La Corte territoriale ha ritenuto che non potesse trovare applicazione nei confronti dell’ A. del D.Lgs. n. 30 del 2007, art. 3, in quanto costui “non ha mai allegato di essere stato a carico del fratello non in Europa, ma in Ghana, ovvero “nel paese di provenienza””.

Il giudice del merito ha, dunque, fatto corretta applicazione della norma del D.Lgs. n. 30 del 2007, art. 3, comma 2, lett. a), evidenziando la carenza di allegazione di un requisito costitutivo della fattispecie legale che l’interessato era tenuto a fornire, con ciò non incorrendo neppure nel dedotto vizio di extrapetizione, giacchè – come detto – era stato proprio l’ A. ad invocare l’applicazione della norma anzidetta.
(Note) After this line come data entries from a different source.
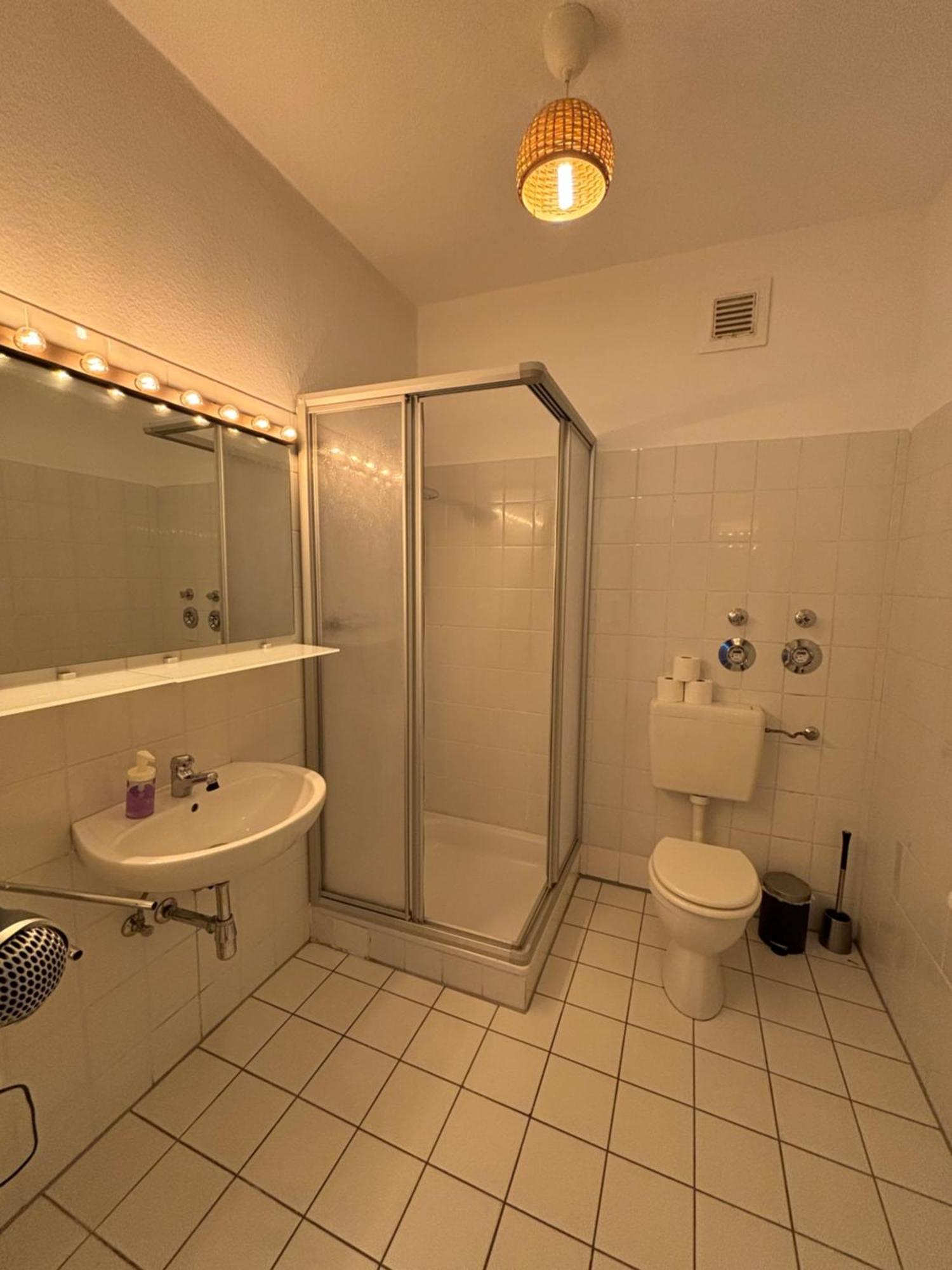 Jonnyscityhostel Osnabrück Esterno foto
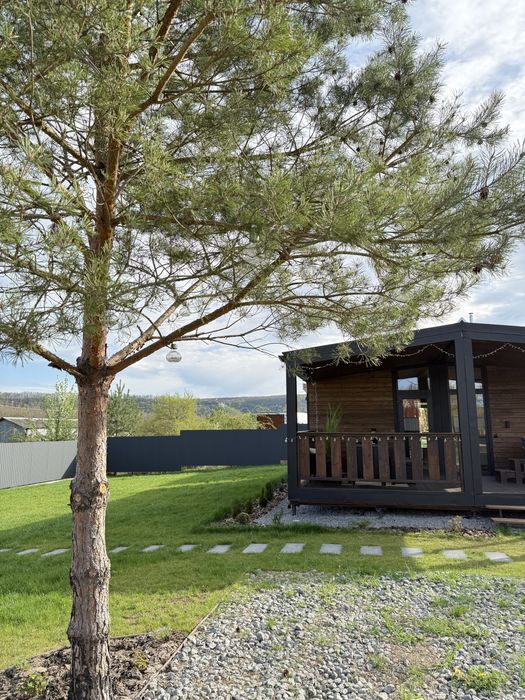 Оренда будинку з безлімітним чаном-джакузі на березі Дністра Куражин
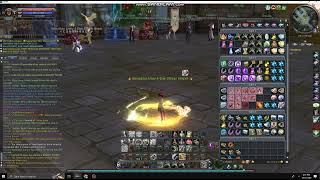 change race aion zone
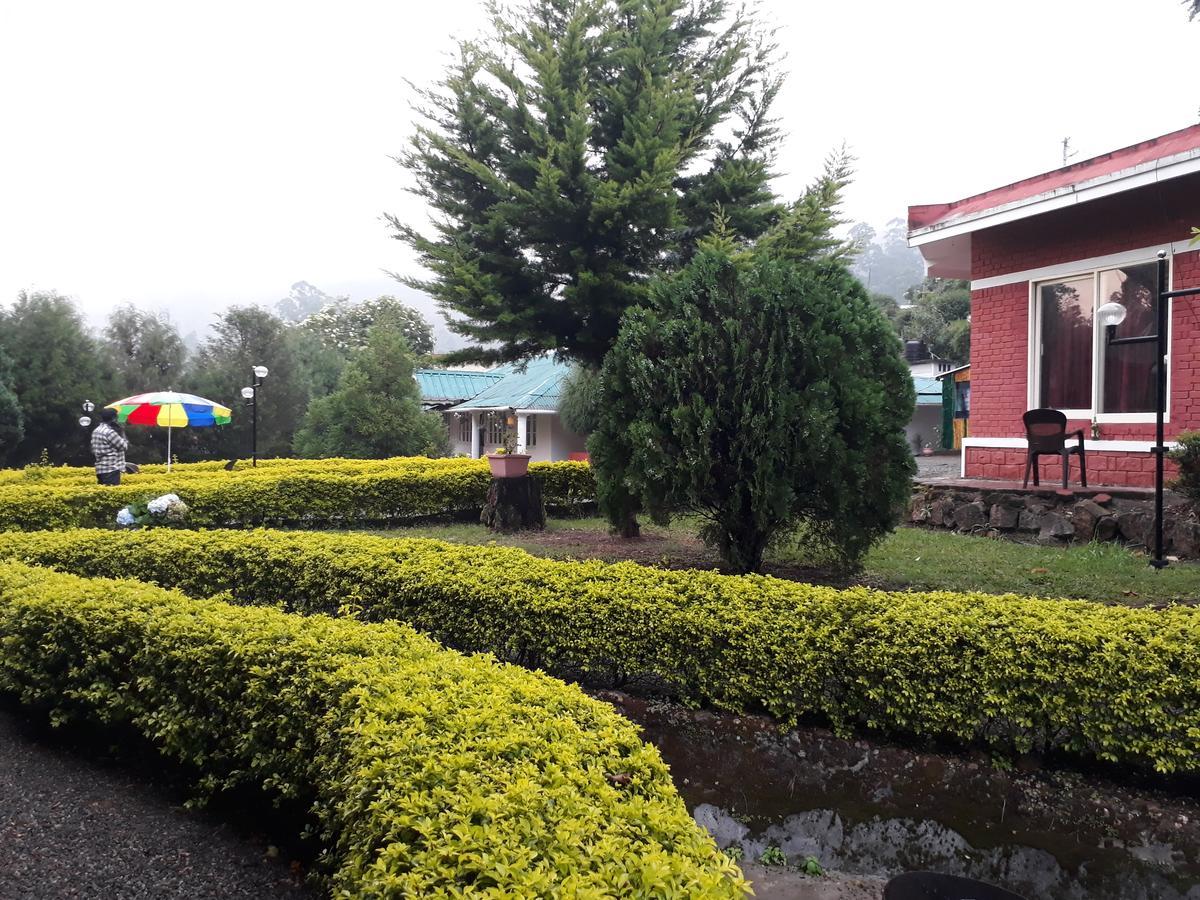 Golden Green Hotel Munnar Kültér fotó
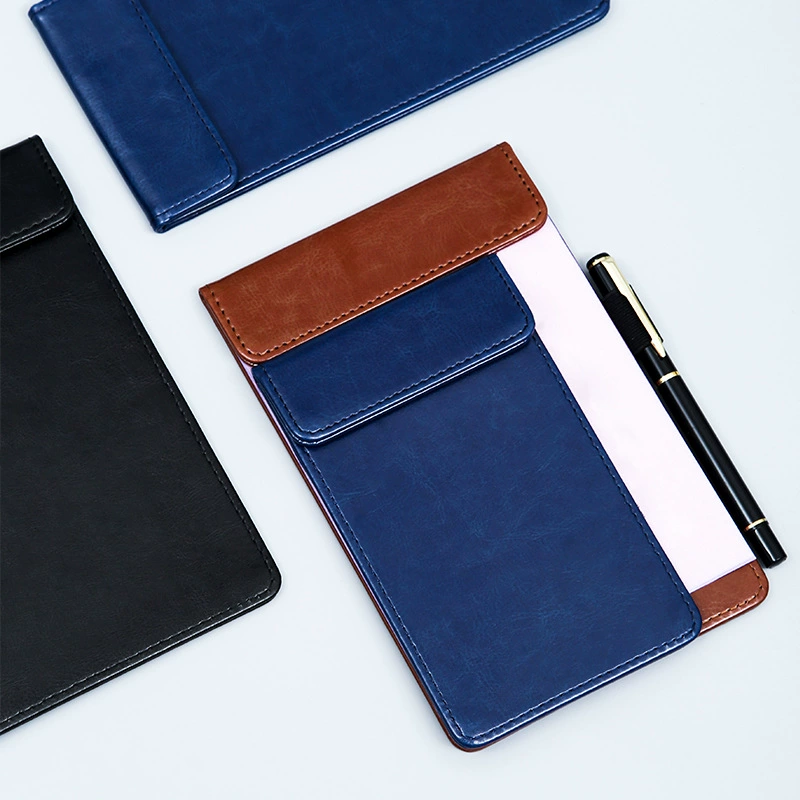 A4 Папка для гостиничного бизнес-офиса папка для встреч папка для письма доска для студентов тестовая доска пользовательского логотипа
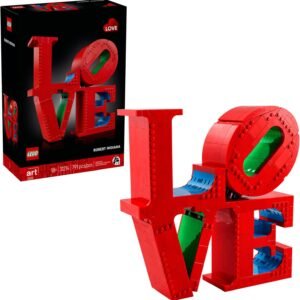 LEGO Art Love Collectible Building Sets DIY Kits for.jpg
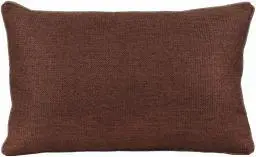 ALMOFADA BAGUETE DECORTEXTIL 244-20 RUSTICA 0.35X0.52 CORDA MOD08(BL)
Nè la Corte territoriale è incorsa in falsa applicazione dello stesso art. 3 citato, poichè, lungi dal reputare cumulativi i requisiti della vivenza a carico e della convivenza, si è soffermata unicamente su quello che l’ A. aveva dedotto in sede di gravame (ossia la vivenza a carico) come requisito che avrebbe – nella sua prospettazione consentito l’applicazione dell’invocata disposizione di cui al citato art. 3.

3. – Ne consegue il rigetto del ricorso.

Non occorre provvedere alla regolamentazione delle spese del giudizio di legittimità in assenza di attività difensiva della parte intimata.

Il processo è esente dal contributo unificato ai sensi del D.Lgs. n. 150 del 2011, art. 20, per cui non si applica il D.P.R. n. 115 del 2002, art. 13, comma 1 quater.

P.Q.M.

rigetta il ricorso.

Così deciso in Roma, nella Camera di consiglio della Sezione Terza Civile della Corte Suprema di Cassazione, il 30 giugno 2020.